Echos of the Tsar: 1er REC at 100
The French Army’s 1er Régiment Étranger de Cavalerie (1er REC) was created on 8 March 1921 at Sousse in Tunisia. An important and historic trading post and waypoint, at the time the city was small, numbering just 25,000 inhabitants, most of whom were French colonials, Maltese, and a large contingent of exiled White Russians.
Speaking of which, the new mounted cavalry unit, the first in the French Foreign Legion, contained a large number of skilled horsemen who learned their trade in the Tsar’s Cossack and Horse Guard units and had, until very recently, still plied it under the banners of counter-revolutionary warlords such as Kaledin, Kransov, and Mamontov.

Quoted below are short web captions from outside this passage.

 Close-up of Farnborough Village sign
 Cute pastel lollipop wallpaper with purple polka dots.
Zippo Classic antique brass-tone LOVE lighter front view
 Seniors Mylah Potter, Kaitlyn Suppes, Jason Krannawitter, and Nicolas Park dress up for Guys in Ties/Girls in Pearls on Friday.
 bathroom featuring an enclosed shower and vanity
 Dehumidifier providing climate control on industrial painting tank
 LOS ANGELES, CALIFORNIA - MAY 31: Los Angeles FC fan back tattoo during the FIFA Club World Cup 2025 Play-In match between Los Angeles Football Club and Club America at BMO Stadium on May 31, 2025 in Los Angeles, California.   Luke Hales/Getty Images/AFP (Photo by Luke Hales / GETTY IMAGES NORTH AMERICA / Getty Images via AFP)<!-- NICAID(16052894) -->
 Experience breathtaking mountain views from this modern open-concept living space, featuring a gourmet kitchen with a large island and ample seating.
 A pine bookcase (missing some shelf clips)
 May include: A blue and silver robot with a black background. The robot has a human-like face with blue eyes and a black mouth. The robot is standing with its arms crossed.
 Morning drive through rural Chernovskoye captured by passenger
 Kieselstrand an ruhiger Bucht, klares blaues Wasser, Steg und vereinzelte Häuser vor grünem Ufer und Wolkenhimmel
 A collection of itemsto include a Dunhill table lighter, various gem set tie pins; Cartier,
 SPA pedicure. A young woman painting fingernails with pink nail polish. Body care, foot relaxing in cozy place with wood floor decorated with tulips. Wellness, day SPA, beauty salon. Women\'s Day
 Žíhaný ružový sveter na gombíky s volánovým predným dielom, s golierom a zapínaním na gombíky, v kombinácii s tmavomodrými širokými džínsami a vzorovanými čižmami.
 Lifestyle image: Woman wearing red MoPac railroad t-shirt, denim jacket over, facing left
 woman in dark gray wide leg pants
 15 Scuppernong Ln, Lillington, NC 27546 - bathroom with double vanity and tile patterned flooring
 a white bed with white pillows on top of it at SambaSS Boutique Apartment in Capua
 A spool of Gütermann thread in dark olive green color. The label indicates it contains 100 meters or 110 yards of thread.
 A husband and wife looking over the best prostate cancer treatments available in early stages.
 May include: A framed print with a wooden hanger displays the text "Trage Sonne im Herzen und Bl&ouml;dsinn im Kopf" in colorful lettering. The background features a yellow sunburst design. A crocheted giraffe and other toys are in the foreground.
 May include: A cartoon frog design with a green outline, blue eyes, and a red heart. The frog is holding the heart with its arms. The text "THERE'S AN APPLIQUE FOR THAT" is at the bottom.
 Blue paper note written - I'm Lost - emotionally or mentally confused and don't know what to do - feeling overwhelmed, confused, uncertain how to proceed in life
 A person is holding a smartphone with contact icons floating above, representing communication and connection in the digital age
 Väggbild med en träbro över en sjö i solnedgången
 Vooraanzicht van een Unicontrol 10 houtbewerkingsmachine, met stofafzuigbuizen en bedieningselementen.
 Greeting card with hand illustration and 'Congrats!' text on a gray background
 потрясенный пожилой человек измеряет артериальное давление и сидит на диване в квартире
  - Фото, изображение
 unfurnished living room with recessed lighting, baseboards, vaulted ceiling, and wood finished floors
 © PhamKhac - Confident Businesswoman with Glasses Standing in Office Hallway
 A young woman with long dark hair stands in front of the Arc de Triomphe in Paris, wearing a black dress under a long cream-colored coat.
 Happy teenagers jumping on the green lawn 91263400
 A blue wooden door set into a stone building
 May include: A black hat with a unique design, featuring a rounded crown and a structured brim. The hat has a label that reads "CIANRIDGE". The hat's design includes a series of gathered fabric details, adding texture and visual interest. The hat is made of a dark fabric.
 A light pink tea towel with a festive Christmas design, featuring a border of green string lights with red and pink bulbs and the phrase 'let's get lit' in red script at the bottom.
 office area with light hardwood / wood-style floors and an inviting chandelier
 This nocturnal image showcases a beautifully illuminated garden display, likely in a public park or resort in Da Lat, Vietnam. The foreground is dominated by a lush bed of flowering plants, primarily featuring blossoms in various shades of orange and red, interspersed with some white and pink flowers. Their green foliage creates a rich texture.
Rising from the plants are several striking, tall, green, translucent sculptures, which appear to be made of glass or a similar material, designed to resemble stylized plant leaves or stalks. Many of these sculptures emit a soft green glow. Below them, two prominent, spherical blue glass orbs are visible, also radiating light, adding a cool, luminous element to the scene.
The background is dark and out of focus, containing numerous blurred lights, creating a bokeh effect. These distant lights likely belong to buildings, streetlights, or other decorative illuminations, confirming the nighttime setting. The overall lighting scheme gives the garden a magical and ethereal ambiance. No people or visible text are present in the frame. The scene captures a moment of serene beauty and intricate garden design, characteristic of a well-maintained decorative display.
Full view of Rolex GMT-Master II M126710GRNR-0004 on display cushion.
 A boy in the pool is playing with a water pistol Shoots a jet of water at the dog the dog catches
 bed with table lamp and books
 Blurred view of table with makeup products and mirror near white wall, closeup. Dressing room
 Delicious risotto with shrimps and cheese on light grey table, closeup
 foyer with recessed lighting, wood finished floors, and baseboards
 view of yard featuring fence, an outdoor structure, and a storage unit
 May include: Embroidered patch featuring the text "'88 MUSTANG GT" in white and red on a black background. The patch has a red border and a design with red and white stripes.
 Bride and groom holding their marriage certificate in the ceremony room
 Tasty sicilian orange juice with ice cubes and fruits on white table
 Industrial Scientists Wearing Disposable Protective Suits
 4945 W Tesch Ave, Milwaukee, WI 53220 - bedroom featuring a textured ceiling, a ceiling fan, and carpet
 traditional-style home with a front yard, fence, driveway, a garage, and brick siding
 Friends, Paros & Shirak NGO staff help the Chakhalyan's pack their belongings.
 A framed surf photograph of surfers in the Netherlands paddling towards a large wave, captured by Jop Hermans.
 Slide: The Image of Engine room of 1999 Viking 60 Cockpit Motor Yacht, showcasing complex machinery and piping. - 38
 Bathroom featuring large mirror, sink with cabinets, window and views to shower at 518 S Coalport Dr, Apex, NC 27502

An undated photo of members of the 2nd Gorsko-Mozdoksky Regiment of the Terek Cossacks. Note the M91 Cossack Model carbine, placing the time frame into the early 1900s at least.
In all, of 1er REC’s inaugural draft of 156 troopers, 128 were Russians. As many were former officers and nobles, the unit soon gained the nickname “Royal Etranger.” The regiment was soon balanced out by former out of work cavalrymen from Austria, Germany, and Hungary, which surely led to some interesting Friday nights once the wine was broken out.
The unit would soon see use in Syria and Morocco as traditional cavalry and by the late 1930s would trade in their horse flesh for armored cars and light tanks. Equipped after the Torch Landings by the U.S., the reinvigorated unit would help liberate metropolitan France in 1944 and take the war to the Germans in 1945, the first time 1er REC operated in Europe. They earned battle honors for actions in Colmar and Stuttgart.
Post-war was far from the outbreak of peace for the Legion, and 1er REC was heavily involved in Indochina for nine hard-bitten years before coming back to open rebellion in Algeria in 1954.
Once France quit North Africa, they moved to France in 1967 and today remain the Legion’s only dedicated armored unit, using 105mm cannon-equipped AMX 10 RC 6×6 fighting vehicles and based (when not on campaign) at Camp de Carpiagne in Aubagne.
In the 1980s they served in Chad against the Libyans, took fire along U.S. Marines in Beirut, then raced into Western Iraq in Desert Storm, policed the Former Yugoslavia, and have been heavily involved in both Afghanistan and more recently the unending French nightmare in Mali.